In the view of a number of respectable economists, the main argument is whether a recession such as is being faced by most of the large economies in the world today has obvious policy remedies. For instance, the economists that conventionally favor government intervention would argue for the government to institute a large stimulus package to get consumption going and avoid more job losses than would otherwise occur. In opposition to these Keynesians are the monetarists who maintain that the most appropriate approach is to concentrate on reducing taxes further in order to enable banks to lend to entrepreneurs who may then spur economic activity. In the view of the monetarists, the failure of the present businesses or banks should not be used for more intervention than is required.
Going back to the US, it is clear that in spite of his conservative orientation, president Bush and policy advisers designed the large plan totalling US$ 700 billion to cushion banks from further collapse. There's much to say for the design and the size of the package as the numbers are not informed by any scientific rule. To a large extent, the Treasury and the Federal Reserve Bankers are making educated guesses about what is required. In spite of this, it is clear that this is hardly enough and the incoming administration is arguing for a proper stimulus plan in order to forestall catastrophic contraction and job losses. The Obama team is defining this as a programme designed in the fashion of the New Deal that was put together by president Roosevelt.
Judging from the press, a number of economists who are possibly market purists keep arguing that the New deal was not only a waste of public resources but also harmful overall. William Anderson's post on the Foundation for Economic Education's site here sets out the arguments. In fairness though, there are also professional economists such as Martin Feldstein who advised President Reagan who favour a measure of government intervention today. As stated in this story, the conventional narrative has been adjusted and it appears that public spending in tandem with tax cuts is considered a reasonable response for the moment.

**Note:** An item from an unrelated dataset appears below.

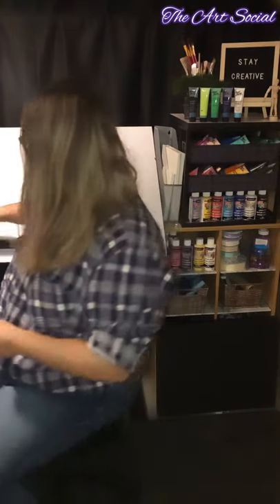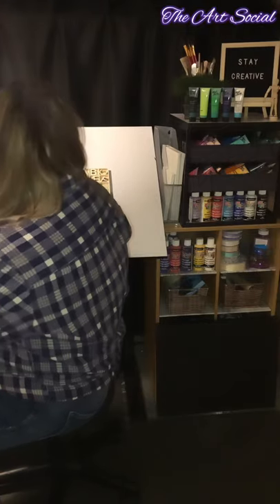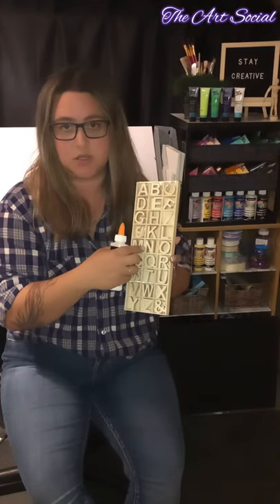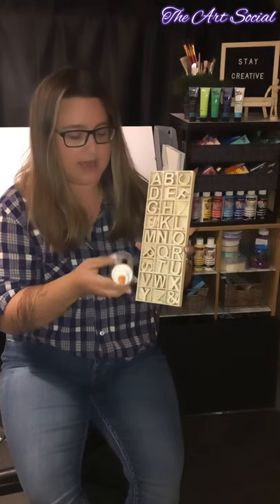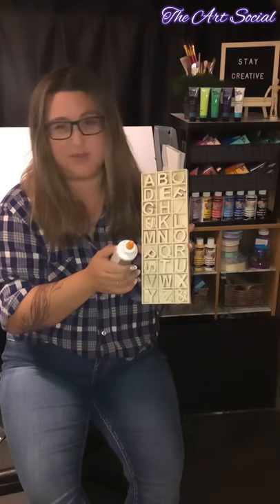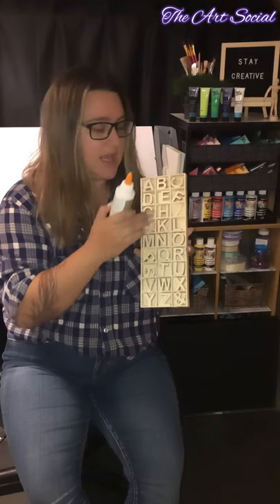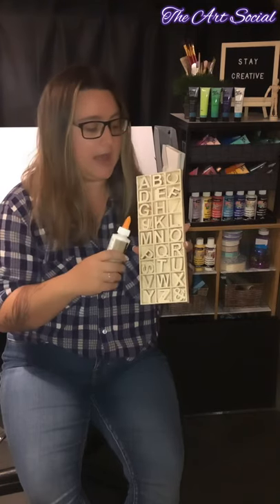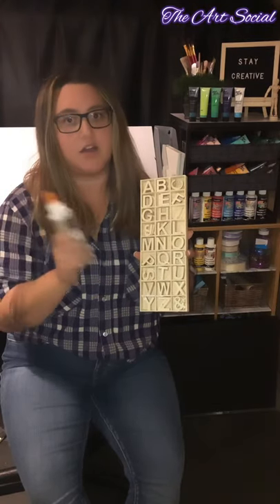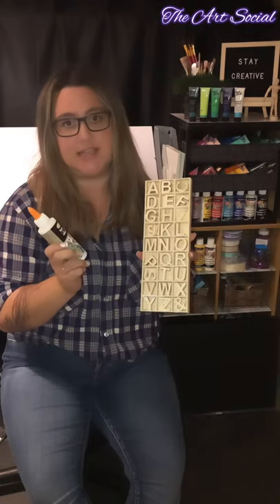Instead of using paint for our lettering today, we're going to be using wooden letters. I got these at the Dollarama — you can get them at any craft store — and I got the glue there as well. I just bought a pack and they last a while because there are more than one letter inside. We're going to use these for our letters, and today I'm going to be writing 'spooky' on my painting.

While my orientation id decidedly libertarian on many issues, I think that Keynesian response is reasonable in light of the fact that there's been a significant reduction in employment and that contraction of the economy is clearly evident. In spite of this, I am less clear what the size of the stimulus ought to be but agree with Paul Krugman in the statement that it would be better to err on the side of a larger rather than a smaller one. He explains the stimulus arithmetic on his blog post here.
Finally, one of the positive things that emerges is that the arguments are well-placed and the policy responses properly debated. this means that the major economies are now a virtual laboratory for testing the ideas and to help in resolving the arguments when the expected results show. All we can do is wait and see whether the pure monetarists are vindicated. Teachers and students of macroeconomic theory will greatly benefit from this.